互联网泡沫的破灭减缓了竞争的步伐,但和法律相关的业务仍大量存在,于是在2006年和2007年,律所新人的薪酬又经历了一次上涨。从1997年至2007年,在最顶尖的律所,也就是所谓“大律所”,首年入职员工的薪酬翻了一番,从80,000美元上涨到160,000美元。虽然这些公司至多聘用了20%的法学院毕业生,但这些身在大城市的律所却为整个行业定下了薪酬基调。
劳动力管理公司TyMetrix近期对美国4,000家律所进行了调查。调查结果显示,在律所金字塔的最高层,合伙人的薪酬已经达到了顶尖公司领导人的水平,每小时收费高达900美元。
《美国律师》杂志(The American Lawyer)的统计数据显示,在美国前100大律所中,2010年,每位合伙人的平均盈利为136万美元,比2000年的741,056美元翻了一番。
戈登认为:“合伙人费用之所以暴涨,是因为他们参与大型金融交易时发现,银行业者的工资非常高。说白了,就是嫉妒别人的高收入。他们将其称为积分榜工资。”
莱波尔特称:“在经济衰退期间,由于对法律服务的需求减少,律所工资上涨的势头有所缓解。但合伙人却仍享受着巨额薪酬。”
经济衰退期间,美国就业岗位减少了45,000个,一大批大型知名律所纷纷倒闭,比如豪瑞律师事务所(Howrey)、海伦律师事务所(Heller Ehrman)和思瑞律师事务所(Thelen Reid)等。原先能拿到七位数薪酬的合伙人,突然之间面临薪酬大幅缩水的境况,于是,许多人纷纷转投其他律所。而据业内专家披露,大型律所为了巩固自己的地位,疯狂从其他律所招募明星合伙人,甚至开出了接近1000万美元的年薪。结果,导致低薪酬员工与合伙人之间的薪酬差距不断扩大。
莫顿•A•皮尔斯是杜威路博薪酬最高的律师之一,年薪高达800万美元。他曾担任该律所副总裁,是优秀的企业并购与收购专家。2007年,他的公司杜威律师事务所(Dewey Ballantine)与路博律师事务所(LeBoeuf, Lamb, Greene & MacRae)合并为杜威路博律师事务所。后来,他离开了合并后的律所,但对外宣称律所欠他6100万美元,其中可能包括延期未支付的薪酬、退休金和在律所的投资等。
虽然杜威路博向合伙人开出了数额惊人的薪酬,但仍有大批合伙人转而投奔境况更好的律所,结果留下律所的管理人员、律师助理、年轻的律师和退休人员自生自灭。

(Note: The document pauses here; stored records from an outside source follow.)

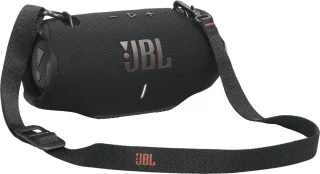 JBL Xtreme 4 Bluetooth Speaker Zwart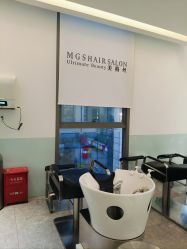 -美格丝M.G.S Hair Salon
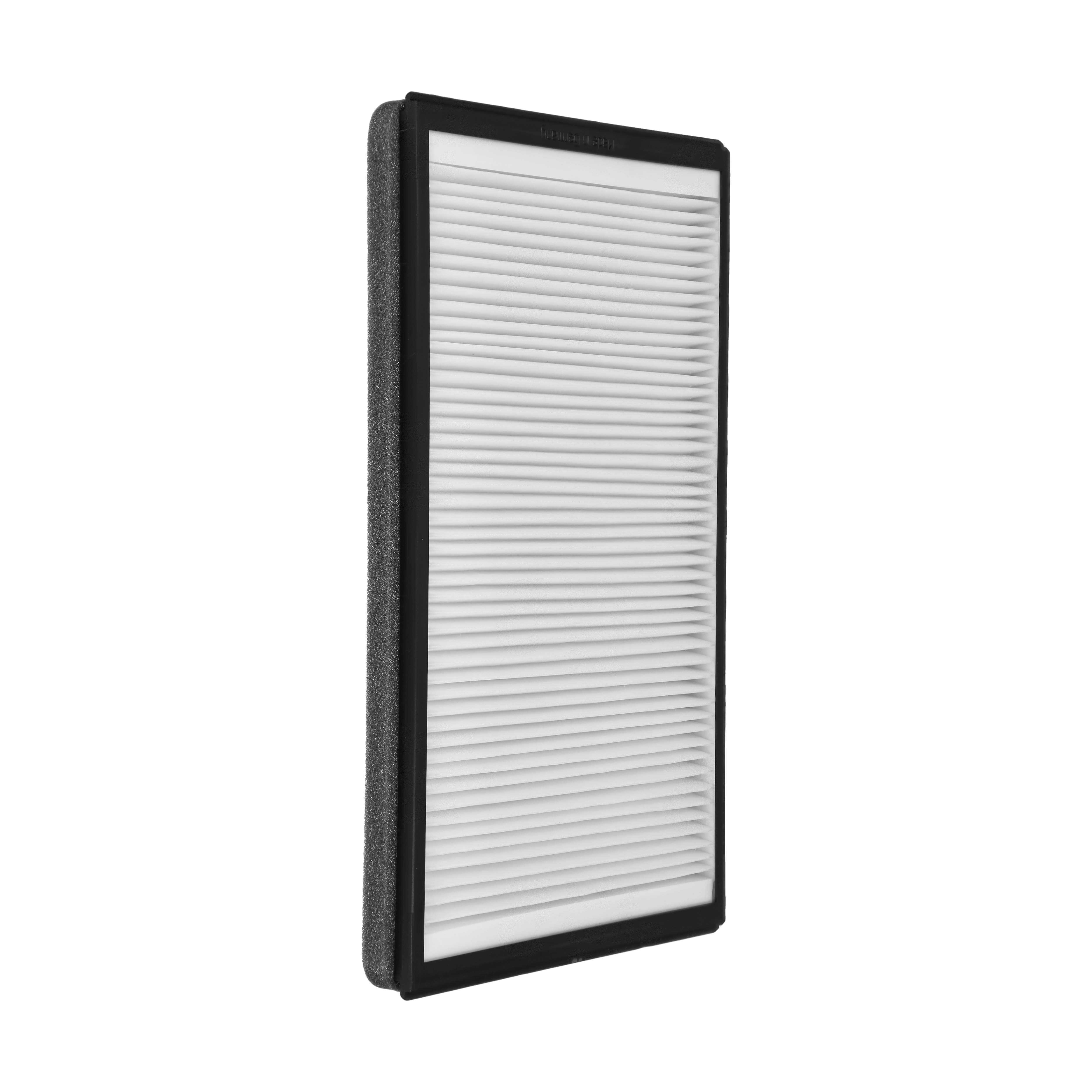 AIRMATIC FILTERBAU Kabineluftfilter if0017 for RENAULT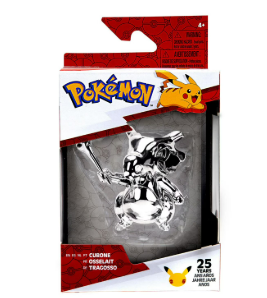 Pokemon Cubone 4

律所咨询公司Altman Weil的负责人吉姆•科特曼认为:“太多律所的老板只追求短期收入,而不注重长期投资。”他认为,律所在法学院毕业生身上进行了巨额投资,但“公司要想从合伙人身上获利要等到四年之后。而到那时,这些成长起来的毕业生们有一半已经跳槽。”
所以,他认为“人才流动是大趋势”,因为法学院毕业生背负着沉重的债务,他们“需要偿还债务,而且希望在个人履历中增添在大律所中任职的经历,之后才会选择小一点的律所。”
戈登以及其他法律界专家认为,大律所的问题可以追溯到上世纪七十年代末。按照戈登的话说,当年,大律所“迫不及待地达成共谋”,向《美国律师》等新成立的法律刊物提供薪酬数据。而这“宣扬的是赤裸裸的商业成功标准”。这些数字成为计算每位合伙人年均收入的基础,之后又产生了律所排名,法律行业学者认为,这使得律所进一步商业化。
科罗拉多大学(University of Colorado)法律专业教授保罗•坎波斯认为:“它最终演变成了吹牛的游戏,而法律行业也沦落到和其他行业一样的生意,只是它到处充满了狂妄和自负。”保罗•坎波斯是博客网站《法学院骗局揭秘》(Inside the Law School Scam)的写手。
最后,戈登得出结论称,薪酬差距的不断扩大、合伙人的加入、以及员工对律所日益下降的忠诚度和日益缩短的工龄使律所成为“松散的联盟”,而“如今的合伙人更像是自由人。”